Sistemin dışında kurulan bu ilişkiler çok kıymetli. Bir de ilgi sevmeyen biri için “ilginç” olma durumu var, sevmediğim. Otostop çekiyor da olsanız, yol soran masum kız da olsanız bu, oranın yerlisi olan biri için ilginç bir durum.

Durduk yerde fikrini söyleyen insan, gereksiz meraklı bakkal, tam evden çıkarken kapıda yakalandığım komşu teyze beni rahatsız eder. O yüzden mümkünse meraklı gözlerin olduğu şehir merkezlerinde değil, az ilerleyip otobanda otostop çeker pek çok kişi. Otobanda sizi anlayan daha çok yol meraklısı vardır. Bence çok mantıklı!

9. Yolun şaşırtıcı olması

Bin bir macerayla Aksu’ya vardığımda şaşkınlığımı gizleyemiyordum. Bu muydu herkesin Aksu dediği yer, dedim! İnanılmaz tozlu, kokulu ve çirkin. Yol boyunca sanırım elliden fazla kez duymuş olabilirim “Aksu’ya gideceksin” diye.

Gittiğimde Türkiye’nin en kötü kasabası burası, dedim. Bu yetmiyormuş gibi bir de tüm yolları kazmışlardı ve çok büyük iş makineleri vardı.

Üstelik inşaat makinaları o kadar devasaydı ki kasaba neredeyse karanlıkta kalmıştı. Antalya dendiğinde Aksu’nun hayalini kurmuyoruz bu yüzden.

Kaş var, Kemer var, ne bileyim Olimpos var. Aksu’nun denize kıyısı da yoktu bu arada. En talihsiz yeri Türkiye’nin. Evet, Aksu macerasının sonu böyle.
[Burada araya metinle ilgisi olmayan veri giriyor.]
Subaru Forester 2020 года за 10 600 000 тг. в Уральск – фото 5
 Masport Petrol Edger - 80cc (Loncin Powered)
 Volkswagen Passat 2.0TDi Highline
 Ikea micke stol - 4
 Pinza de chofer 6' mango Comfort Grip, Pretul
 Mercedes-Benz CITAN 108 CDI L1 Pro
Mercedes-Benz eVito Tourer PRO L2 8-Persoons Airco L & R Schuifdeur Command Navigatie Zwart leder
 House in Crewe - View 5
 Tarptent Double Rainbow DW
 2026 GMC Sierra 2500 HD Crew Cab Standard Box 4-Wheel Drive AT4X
10. Otostopa ihanet meselesi

Siz bir otostop seyahati planlamışsınızdır ve ilkeleri bellidir. Araca para verilmeyecek. Çünkü araya para girdiği anda insani olan her şey, kapitalistleşiyor, yapmacıklaşıyor.

Kapitalist olmayan bir ilişki kurmak ne demek? Bunu yapmadan bilemezsiniz. Kapitalizmin dışına çıktığınız anda dünya farklı bir yer oluyor. Bunu yapmadan gündelik hayatta ne kadar çok müşteri-satıcı ilişkisi kurduğumuzu tahmin edemezsiniz.

Toplumdaki neredeyse bütün ilişkilerimiz müşteri ve satıcı olmak üzerine kurulu. Bir şehre adım attığınız an her şey para üzerine kurulu. Bu yüzden şehirlerden uzak duruyoruz.

Otostopta ise her şey bunun tam tersi. Otostopta modern öncesi dönemde, kapitalist rasyonalizmin, ücret ve hizmet gibi yapay sorumlulukların olmadığı bir dünyadasınız. Para diye bir şey yokmuş gibi davranacaksınız. Varsa da ölümüne paylaşacaksınız. Otostop beleşçilik değil. Bir felsefe. Evet, sen de paylaşacaksın.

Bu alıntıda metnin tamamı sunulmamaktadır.